= WORK TO COMPLETE =
Only the lines from the top of the material through the line containing "Unlock Inner Genius：" should be restated, each one exactly.

□ □ □ □

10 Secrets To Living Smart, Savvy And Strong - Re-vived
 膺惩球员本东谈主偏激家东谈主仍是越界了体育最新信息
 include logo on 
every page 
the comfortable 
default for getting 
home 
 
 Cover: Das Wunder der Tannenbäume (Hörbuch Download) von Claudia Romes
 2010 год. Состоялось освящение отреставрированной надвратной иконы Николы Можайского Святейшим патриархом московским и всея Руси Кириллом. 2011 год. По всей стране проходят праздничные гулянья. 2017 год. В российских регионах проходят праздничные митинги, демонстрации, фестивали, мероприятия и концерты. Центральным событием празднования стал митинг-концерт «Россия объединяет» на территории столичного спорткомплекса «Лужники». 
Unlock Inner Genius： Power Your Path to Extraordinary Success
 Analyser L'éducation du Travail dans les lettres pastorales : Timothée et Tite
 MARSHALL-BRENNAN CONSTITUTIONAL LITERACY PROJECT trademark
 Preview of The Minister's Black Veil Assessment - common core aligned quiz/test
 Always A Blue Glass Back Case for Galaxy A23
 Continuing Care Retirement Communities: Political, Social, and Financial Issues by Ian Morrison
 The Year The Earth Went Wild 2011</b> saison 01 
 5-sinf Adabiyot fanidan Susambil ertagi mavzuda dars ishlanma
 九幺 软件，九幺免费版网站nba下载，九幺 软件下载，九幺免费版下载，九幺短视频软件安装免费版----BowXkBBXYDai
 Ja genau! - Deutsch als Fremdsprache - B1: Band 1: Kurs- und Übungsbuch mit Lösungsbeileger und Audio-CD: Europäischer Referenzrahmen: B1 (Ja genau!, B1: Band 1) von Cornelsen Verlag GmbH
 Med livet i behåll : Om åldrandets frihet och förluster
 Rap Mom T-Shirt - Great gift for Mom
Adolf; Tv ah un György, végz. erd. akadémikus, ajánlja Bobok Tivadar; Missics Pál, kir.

□ □ □ □

= REPLY TO THE TASK =
10 Secrets To Living Smart, Savvy And Strong - Re-vived
 膺惩球员本东谈主偏激家东谈主仍是越界了体育最新信息
 include logo on 
every page 
the comfortable 
default for getting 
home 
 
 Cover: Das Wunder der Tannenbäume (Hörbuch Download) von Claudia Romes
 2010 год. Состоялось освящение отреставрированной надвратной иконы Николы Можайского Святейшим патриархом московским и всея Руси Кириллом. 2011 год. По всей стране проходят праздничные гулянья. 2017 год. В российских регионах проходят праздничные митинги, демонстрации, фестивали, мероприятия и концерты. Центральным событием празднования стал митинг-концерт «Россия объединяет» на территории столичного спорткомплекса «Лужники». 
Unlock Inner Genius： Power Your Path to Extraordinary Success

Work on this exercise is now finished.